Justice Willcock noted at the time that Quinn’s “infrequent and tenuous connection with the house gave rise” to specific risks described by a personal lines underwriter who gave evidence on behalf of Wawanesa.
“I am satisfied that had notice been given to Wawanesa it would, on reasonable grounds, have altered the terms upon which it would have covered the risk and the premium that would have been charged for doing so,” Justice Willcock ruled at the time.
However, that ruling was overturned Nov. 1 by the provincial appeal court, which cited the Supreme Court of Canada’s 1932 ruling in the case of J. Donald Davidson versus The Laurentian Insurance Company.

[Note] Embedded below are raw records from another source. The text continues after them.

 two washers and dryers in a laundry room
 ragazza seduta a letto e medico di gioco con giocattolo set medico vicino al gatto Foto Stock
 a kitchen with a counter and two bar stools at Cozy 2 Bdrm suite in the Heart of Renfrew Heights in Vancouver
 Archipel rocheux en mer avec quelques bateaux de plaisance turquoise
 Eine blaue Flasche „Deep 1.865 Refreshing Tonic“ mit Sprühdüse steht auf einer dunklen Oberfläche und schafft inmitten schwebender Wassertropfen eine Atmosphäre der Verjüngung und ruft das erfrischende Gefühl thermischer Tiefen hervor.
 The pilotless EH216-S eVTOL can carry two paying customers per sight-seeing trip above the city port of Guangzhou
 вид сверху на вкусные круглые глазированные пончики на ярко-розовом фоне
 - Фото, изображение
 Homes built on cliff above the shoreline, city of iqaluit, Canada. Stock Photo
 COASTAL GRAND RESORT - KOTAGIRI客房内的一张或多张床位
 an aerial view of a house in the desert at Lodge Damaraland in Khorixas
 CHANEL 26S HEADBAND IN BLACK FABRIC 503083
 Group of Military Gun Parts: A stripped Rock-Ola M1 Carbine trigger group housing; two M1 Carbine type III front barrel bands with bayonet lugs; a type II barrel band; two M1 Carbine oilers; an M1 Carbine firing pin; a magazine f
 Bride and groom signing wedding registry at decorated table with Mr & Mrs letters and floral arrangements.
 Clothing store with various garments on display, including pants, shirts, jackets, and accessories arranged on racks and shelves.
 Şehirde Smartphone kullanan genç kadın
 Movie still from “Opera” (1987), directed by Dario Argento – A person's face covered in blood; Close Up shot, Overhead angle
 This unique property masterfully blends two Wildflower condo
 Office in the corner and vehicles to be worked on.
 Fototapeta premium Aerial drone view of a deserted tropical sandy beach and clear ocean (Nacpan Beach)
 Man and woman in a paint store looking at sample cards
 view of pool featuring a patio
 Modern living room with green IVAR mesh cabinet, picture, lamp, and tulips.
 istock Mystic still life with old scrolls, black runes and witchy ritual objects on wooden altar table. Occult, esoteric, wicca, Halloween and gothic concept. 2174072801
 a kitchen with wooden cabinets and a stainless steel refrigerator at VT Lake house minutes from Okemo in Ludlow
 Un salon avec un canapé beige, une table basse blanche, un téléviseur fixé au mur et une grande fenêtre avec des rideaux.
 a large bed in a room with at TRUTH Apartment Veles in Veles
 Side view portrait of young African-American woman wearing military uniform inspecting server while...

In August 1928, Laurentian wrote a three-year policy on Davidson’s farm, which was destroyed by fire Mar. 21, 1930. On Feb. 20, 1930, Davidson had moved to Newmarket, Ontario with the intention of living there permanently and selling his farm. He had not given notice to Laurentian that his property became vacant.
At the time, Ontario Statutory Condition 5 (d) stated that an insurer shall not be liable for loss to an insured property that is “vacant or unoccupied for more than thirty consecutive days.”
“Evidence was offered at the trial to show that the vacancy of the property was a change material to the risk, but there was no evidence of any change material to the risk in addition to the bare fact of vacancy,” wrote Mr. Justice Sir Lyman Poore Duff, in the Supreme Court of Canada’s ruling, released Mar. 24, 1932, against Laurentian.
“We are of opinion that, by virtue of clause (d) of condition 5 in the policy, vacancy for a period of thirty days was one of the risks contemplated by the policy …”
The policy that Wawanesa renewed June 29, 2007 for Quinn and Peeble’s home in Surrey contained an exclusion for “loss or damage occurring after your dwelling has, to your knowledge been vacant for more than 30 consecutive days.”
The exclusion defined vacant as “circumstance where, regardless of the presence of furnishings: all occupants have moved out with no intention of returning and no new occupant has taken up residence; or in the case of a newly constructed house, no occupant has yet taken up residence.”
Wawanesa argued that the Supreme Court of Canada’s 1932 decision in Laurentian vs Davidson could not be applied to its dispute with Quinn and Peebles, contending there is a distinction between the terms “vacant” and “unoccupied” in common law.
But in its Nov. 1 ruling this year, the Court of Appeal for B.C. noted that Peebles and Quinn’s house in Surrey did remain “‘occupied’ in the usual sense of the word.”
The policyholders “were entitled to assume that the specific provision that inferentially permitted a 30-day period of un-occupancy (or ‘vacancy’ as defined by this policy) meant that it was ‘one of the risks contemplated by the policy'” wrote Madam Justice Mary Newbury, Mr. Justice John Hall, and Mr. Justice Edward Chiasson for provincial court of appeal. “If the clause permitted non-occupancy for up to 30 days, it permitted reduced occupancy as well.”